I often use vw and vh, viewport width and viewport height:


https://css-tricks.com/fun-viewport-units/


and here ...


https://css-tricks.com/full-width-containers-limited-width-parents/


... but of course the point we want to get to is not having to resort to media queries, or specific stylesheets for print and screen outputs.

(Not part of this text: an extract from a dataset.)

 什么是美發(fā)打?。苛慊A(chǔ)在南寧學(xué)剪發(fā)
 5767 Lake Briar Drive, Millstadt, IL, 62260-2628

I'm really getting into CSS Grid:


https://css-tricks.com/snippets/css/complete-guide-grid/

http://jensimmons.com/post/feb-27-2017/learn-css-grid


... but this would be too long a stride out at this point, so I suggest viewport widths:


img {
       border-style: none;
       border: 0;
       box-sizing: border-box;
       min-width: 80vw;     /* 80% of the screen or page width, or whatever % you prefer */
       max-width: 95vw;    /* again, whatever % you prefer */
       height: auto;
}


I'd like to work with anyone on this so please keep me in the loop.


Thanks, Martin

________________________________
From: Discuss <discuss-bounces at lists.flossmanuals.net> on behalf of M R <matrobnew at hotmail.com>
Sent: Tuesday, 13 February 2018 10:29:46 a.m.
To: discuss at lists.flossmanuals.net
Subject: Re: [FM Discuss] issues with Kdenlive manual images


Hi Mick:


Well, for my part, I thank you for being so gracious in responding to my often-polemical screeds.  That's kind of how I  process what I learn -- and working on the Floss manuals has been a huge learning experience for me -- but some of it should probably just be saved for my cat.  She's used to it.


The image-width constraint has been a challenge, but a productive one, as I start working through the how-to chapters of the Shotcut manual.   I'm managing so far.  I'm sure there are all kinds of feature benefits in moving to Booktype 2.x, but I'm sure it's a hassle too.


As far as changing the global css override for image width in our current Booktype: seems like a lot of factors to consider there.  One, how do modern browsers process the css implemented there -- I don't know nearly as much about that as some people in this community.  Most modern websites are designed to scale gracefully down to very small screen sizes, without scrolling -- especially in the era of tablet and mobile browsing.  But that's typically about how different page elements flow around each other, rather than how a specific large image is handled.  Still, I know that all my browsers (IE, Chrome, Firefox) will automatically scale down a large image to fit my window, in nearly all cases, unlesss I force them to show me the image full-size.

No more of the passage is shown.